Short descriptive text snippets:
◆ ◆ ◆ ◆ ◆

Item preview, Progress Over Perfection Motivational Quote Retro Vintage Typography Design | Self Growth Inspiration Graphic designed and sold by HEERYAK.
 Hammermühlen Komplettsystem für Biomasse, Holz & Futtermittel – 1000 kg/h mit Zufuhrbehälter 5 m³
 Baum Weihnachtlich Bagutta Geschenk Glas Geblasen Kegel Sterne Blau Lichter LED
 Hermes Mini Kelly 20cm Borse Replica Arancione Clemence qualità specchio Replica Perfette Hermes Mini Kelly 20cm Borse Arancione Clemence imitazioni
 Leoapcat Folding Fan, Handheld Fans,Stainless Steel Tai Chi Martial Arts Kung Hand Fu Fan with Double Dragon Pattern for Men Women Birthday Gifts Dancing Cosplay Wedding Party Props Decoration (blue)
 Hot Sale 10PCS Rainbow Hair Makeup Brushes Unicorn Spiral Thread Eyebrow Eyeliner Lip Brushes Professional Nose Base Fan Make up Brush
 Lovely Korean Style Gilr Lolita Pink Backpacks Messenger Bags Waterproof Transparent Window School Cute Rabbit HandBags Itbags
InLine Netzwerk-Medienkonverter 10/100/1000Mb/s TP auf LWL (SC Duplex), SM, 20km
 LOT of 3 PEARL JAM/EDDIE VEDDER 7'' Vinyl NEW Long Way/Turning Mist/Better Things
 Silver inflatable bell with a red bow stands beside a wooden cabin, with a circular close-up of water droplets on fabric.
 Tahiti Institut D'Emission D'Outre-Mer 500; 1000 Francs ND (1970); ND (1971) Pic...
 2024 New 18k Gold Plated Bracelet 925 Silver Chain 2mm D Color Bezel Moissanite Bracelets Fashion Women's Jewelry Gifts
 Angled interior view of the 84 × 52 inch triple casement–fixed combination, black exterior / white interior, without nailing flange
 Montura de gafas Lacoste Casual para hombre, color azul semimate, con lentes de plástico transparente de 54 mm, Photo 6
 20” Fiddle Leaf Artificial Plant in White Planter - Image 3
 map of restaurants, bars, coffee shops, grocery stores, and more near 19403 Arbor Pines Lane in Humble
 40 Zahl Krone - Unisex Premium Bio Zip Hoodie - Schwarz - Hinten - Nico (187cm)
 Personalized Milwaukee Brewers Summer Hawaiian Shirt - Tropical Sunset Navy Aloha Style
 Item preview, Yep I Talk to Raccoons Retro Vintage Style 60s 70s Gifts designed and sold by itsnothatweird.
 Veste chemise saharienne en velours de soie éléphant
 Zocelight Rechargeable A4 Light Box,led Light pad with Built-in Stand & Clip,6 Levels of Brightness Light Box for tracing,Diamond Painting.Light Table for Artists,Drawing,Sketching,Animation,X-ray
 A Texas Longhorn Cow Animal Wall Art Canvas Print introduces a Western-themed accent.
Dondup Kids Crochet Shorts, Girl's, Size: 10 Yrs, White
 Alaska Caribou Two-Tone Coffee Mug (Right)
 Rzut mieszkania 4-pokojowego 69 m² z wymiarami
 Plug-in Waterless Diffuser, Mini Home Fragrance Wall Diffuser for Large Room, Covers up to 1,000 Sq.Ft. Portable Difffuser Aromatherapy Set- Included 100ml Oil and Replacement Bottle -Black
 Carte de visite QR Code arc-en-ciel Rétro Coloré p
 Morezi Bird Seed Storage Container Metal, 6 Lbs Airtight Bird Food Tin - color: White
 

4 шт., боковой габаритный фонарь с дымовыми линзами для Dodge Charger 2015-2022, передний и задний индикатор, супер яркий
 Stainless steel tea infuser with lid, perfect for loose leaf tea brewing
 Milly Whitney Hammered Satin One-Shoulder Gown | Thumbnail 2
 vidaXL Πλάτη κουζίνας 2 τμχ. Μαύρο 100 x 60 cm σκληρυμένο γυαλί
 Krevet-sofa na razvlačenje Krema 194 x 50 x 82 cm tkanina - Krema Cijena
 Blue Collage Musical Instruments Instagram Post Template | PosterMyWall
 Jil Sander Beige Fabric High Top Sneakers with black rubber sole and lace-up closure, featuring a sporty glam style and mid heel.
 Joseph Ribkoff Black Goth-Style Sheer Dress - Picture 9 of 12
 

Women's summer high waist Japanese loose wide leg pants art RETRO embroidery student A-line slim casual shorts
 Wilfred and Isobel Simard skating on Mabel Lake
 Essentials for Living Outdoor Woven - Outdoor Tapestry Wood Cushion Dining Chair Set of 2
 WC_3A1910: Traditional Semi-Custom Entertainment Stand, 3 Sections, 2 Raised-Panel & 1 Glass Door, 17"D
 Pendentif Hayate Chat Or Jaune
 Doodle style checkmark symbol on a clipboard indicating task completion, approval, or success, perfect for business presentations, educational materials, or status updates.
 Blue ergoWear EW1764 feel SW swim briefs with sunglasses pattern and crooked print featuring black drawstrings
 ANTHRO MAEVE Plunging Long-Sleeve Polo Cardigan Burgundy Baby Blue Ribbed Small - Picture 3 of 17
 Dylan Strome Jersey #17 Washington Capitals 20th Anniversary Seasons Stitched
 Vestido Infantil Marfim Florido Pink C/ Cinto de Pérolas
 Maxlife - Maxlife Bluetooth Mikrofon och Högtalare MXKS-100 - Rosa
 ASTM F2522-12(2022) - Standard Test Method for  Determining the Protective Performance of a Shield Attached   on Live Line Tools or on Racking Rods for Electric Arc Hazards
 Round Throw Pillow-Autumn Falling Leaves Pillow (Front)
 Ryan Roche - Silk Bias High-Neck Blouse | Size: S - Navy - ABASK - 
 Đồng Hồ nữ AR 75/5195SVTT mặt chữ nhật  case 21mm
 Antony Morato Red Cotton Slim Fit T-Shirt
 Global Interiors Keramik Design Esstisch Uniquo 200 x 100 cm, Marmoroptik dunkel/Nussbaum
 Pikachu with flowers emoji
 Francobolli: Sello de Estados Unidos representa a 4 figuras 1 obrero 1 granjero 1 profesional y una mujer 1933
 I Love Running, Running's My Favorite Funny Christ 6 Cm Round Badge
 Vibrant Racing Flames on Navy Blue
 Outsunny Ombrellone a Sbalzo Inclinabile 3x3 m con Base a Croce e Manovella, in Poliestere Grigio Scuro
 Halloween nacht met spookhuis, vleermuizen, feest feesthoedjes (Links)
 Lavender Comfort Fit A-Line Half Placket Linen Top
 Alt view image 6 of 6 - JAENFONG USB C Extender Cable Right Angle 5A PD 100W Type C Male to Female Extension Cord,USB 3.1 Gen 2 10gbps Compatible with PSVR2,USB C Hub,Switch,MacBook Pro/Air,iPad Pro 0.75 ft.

◆ ◆ ◆ ◆ ◆

(WORK TO COMPLETE): Would you return, unchanged, the lines from the one containing "Pendentif Hayate Chat Or Jaune" through the end of the entries?

(SOLUTION FOR THIS PROBLEM):
 Pendentif Hayate Chat Or Jaune
 Doodle style checkmark symbol on a clipboard indicating task completion, approval, or success, perfect for business presentations, educational materials, or status updates.
 Blue ergoWear EW1764 feel SW swim briefs with sunglasses pattern and crooked print featuring black drawstrings
 ANTHRO MAEVE Plunging Long-Sleeve Polo Cardigan Burgundy Baby Blue Ribbed Small - Picture 3 of 17
 Dylan Strome Jersey #17 Washington Capitals 20th Anniversary Seasons Stitched
 Vestido Infantil Marfim Florido Pink C/ Cinto de Pérolas
 Maxlife - Maxlife Bluetooth Mikrofon och Högtalare MXKS-100 - Rosa
 ASTM F2522-12(2022) - Standard Test Method for  Determining the Protective Performance of a Shield Attached   on Live Line Tools or on Racking Rods for Electric Arc Hazards
 Round Throw Pillow-Autumn Falling Leaves Pillow (Front)
 Ryan Roche - Silk Bias High-Neck Blouse | Size: S - Navy - ABASK - 
 Đồng Hồ nữ AR 75/5195SVTT mặt chữ nhật  case 21mm
 Antony Morato Red Cotton Slim Fit T-Shirt
 Global Interiors Keramik Design Esstisch Uniquo 200 x 100 cm, Marmoroptik dunkel/Nussbaum
 Pikachu with flowers emoji
 Francobolli: Sello de Estados Unidos representa a 4 figuras 1 obrero 1 granjero 1 profesional y una mujer 1933
 I Love Running, Running's My Favorite Funny Christ 6 Cm Round Badge
 Vibrant Racing Flames on Navy Blue
 Outsunny Ombrellone a Sbalzo Inclinabile 3x3 m con Base a Croce e Manovella, in Poliestere Grigio Scuro
 Halloween nacht met spookhuis, vleermuizen, feest feesthoedjes (Links)
 Lavender Comfort Fit A-Line Half Placket Linen Top
 Alt view image 6 of 6 - JAENFONG USB C Extender Cable Right Angle 5A PD 100W Type C Male to Female Extension Cord,USB 3.1 Gen 2 10gbps Compatible with PSVR2,USB C Hub,Switch,MacBook Pro/Air,iPad Pro 0.75 ft.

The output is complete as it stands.